In 'da House | Issue 17

Keeping it Scarfie

I spent some quality time in Dunedin last week.

After screening ‘Inside Child Poverty’ to a small but dedicated audience at Clubs and Socs (kudos to those who voluntarily chose to spend their Friday night with me in the Evison Lounge), I hung around for the weekend to revisit some old haunts: Poppa’s Pizza, the farmers’ market, Inch Bar, and Crusty Corner (for some reason, all my best Dunedin memories are food- and drink-related).

Of course, I pored over Critic for signs that it had gone downhill since “my day”, but was forced to conclude that the puns in the headlines were just as bad, the slightly superior editorial voice (no doubt masking some crippling insecurity) was intact, and my 2012 counterpart had even featured on Close Up, for a much better reason than me.

I may have presided over Critic’s most infamous scandal and had an issue banned, but I never made the cover of Newsweek. Like, actually made it. Congrats team.

The only gripe from my sojourn in the deep south is reserved for OUSA. What the heck is up with trying to derail NZUSA’s support of the Keep Our Assets campaign?

I know students’ associations haven’t always been the most relevant, but getting behind this campaign is a perfect opportunity for students’ associations to be more relevant, not less.

Not only do are asset sales opposed by the majority of New Zealanders, they will have a disproportionate impact on younger generations (i.e. the majority of students’ association members), so it’s an easy cause to excite young people about. When I’ve been out collecting signatures, almost every person under 30 I’ve approached has signed the petition.

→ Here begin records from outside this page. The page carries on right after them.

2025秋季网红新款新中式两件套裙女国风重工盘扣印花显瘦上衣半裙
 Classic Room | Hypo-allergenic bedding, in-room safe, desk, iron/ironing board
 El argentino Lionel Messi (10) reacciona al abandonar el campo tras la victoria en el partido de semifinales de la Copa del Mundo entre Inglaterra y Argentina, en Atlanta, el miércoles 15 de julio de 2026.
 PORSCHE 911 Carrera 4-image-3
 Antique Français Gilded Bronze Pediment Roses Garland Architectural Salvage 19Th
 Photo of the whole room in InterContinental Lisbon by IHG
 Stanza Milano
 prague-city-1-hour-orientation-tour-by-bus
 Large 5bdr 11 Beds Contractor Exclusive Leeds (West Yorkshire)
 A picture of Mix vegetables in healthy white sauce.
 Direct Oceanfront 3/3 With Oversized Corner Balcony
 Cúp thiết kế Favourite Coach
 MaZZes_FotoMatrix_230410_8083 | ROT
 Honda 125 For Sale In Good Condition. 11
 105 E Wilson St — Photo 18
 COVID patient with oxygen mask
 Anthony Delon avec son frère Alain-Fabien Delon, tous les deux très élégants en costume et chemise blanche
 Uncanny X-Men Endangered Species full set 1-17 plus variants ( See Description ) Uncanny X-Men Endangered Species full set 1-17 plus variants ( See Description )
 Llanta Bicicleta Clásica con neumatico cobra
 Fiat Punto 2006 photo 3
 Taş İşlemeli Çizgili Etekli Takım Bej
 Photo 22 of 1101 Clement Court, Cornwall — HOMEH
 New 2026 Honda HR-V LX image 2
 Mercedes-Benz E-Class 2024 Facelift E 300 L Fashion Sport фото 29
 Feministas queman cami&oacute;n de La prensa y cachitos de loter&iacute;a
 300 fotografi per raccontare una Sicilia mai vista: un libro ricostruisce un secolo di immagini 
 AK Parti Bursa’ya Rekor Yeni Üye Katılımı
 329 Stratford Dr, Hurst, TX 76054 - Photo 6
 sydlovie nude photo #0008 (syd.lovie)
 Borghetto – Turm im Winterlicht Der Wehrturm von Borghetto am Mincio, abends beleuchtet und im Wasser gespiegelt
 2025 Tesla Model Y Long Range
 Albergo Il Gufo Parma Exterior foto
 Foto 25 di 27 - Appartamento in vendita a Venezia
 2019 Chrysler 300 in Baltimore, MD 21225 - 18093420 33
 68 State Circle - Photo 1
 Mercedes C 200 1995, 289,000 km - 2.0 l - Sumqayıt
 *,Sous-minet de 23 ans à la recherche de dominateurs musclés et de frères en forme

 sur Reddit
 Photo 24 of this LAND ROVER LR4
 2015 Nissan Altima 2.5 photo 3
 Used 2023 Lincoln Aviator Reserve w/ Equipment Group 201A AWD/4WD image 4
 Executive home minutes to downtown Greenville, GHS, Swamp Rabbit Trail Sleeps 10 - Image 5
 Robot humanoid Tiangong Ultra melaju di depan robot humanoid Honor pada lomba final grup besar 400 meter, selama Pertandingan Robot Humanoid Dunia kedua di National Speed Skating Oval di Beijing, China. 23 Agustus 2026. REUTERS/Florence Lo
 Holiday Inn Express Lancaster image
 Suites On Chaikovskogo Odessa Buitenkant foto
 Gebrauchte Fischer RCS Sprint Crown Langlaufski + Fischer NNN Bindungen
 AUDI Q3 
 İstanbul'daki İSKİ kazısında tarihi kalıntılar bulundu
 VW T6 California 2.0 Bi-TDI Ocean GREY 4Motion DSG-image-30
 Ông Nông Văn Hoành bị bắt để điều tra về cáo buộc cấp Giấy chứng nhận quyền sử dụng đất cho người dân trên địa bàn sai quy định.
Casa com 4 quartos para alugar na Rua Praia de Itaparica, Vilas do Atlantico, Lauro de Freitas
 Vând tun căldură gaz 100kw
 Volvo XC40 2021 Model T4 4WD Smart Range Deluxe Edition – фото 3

What’s more, collecting signatures offers a unique opportunity to connect one-on-one with students. Every signature means a personal interaction with someone. If OUSA went collecting on campus, that’s thousands of opportunities to introduce people to OUSA.

In the VSM era, that’s gold.

OUSA’s decision to remain “neutral” on asset sales is a missed opportunity, but the call to use this “neutrality” to undermine NZUSA’s membership of the organising coalition is worse.

Involvement in a campaign for a referendum that will succeed (we’re on track to collect the required signatures in record time) would portray students in a positive light, and help dispel the same old negative tropes that pigeonhole them in the eyes of mainstream New Zealand.

Instead, NZUSA’s involvement in the campaign is wavering, thanks to a weird and short-sighted stance by OUSA. It’s a wasted opportunity and a great shame. Time for a rethink!
This article first appeared in Issue 17, 2012.
Posted 11:08am Sunday 22nd July 2012 by Holly Walker.